Osborne is one of dozens of coaches and supporters calling on the board to take legal action to stop implementation of a plan by the Ohio High School Athletics Association to add Central Ohio charter school students into the official enrollment figures for district schools - figures which are used to determine which divisions the schools teams play in. A law passed last summer said charter school students must be allowed to participate in sports in the public school district where they live. This spring OSHAA took that law a step further. In Columbus, the Association took the 4,000 students enrolled in charter schools within the district, divided that number by the 16 district high schools, and added 121 boys and 131 girls to each public schools enrollment for division classification. The new numbers drastically changed the landscape. In football, all but one city league team moved up at least one division. Almost all boys and girls basketball teams are now in Division 1 for the largest. Osborne says that artificial inflation has very real consequences for his kids.
“If we only have 250 kids, boys – and you’re saying all of a sudden we have 400, 500, and we’re playing against schools with 700, or 800 or a thousand boys, it’s gonna cost them recognition, honors, awards and scholarships that have changed lives.”
Despite a wave of complaints from coaches in Columbus and the other big eight urban districts, OSHHA has refused to budge. In May, Columbus school officials filed two separate appeals of the new classifications. The first challenged including in the calculations 19, 20, and 21-year old students from charter recovery programs – students too old to be eligible for high school sports. The second challenged the description of the districts three lottery-only schools as potential “home schools” for charter students. Despite a hearing with the OSHAA board, both challenges were dismissed without comment.
School board member Michael Cole spoke for several board members.

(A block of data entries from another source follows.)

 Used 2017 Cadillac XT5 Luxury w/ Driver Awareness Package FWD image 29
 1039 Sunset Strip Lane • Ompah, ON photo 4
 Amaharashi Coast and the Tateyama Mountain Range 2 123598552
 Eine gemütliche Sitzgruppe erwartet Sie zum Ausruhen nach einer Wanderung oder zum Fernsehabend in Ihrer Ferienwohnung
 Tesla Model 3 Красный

“Just from the feedback we’ve received, just from the insights we’ve been provided, this seems like this is an onion. It has many layers, and it stinks. To the point of tears.”
The board instructed the district’s lawyer, Larry Braverman, to investigate what possible actions the district could take to challenge the new classifications. Superintendent Dan Good suggested the possibility of bringing in outside council to help with that exploration. But the shot clock is counting down for the 2015-2016 season - the new school year starts in three weeks.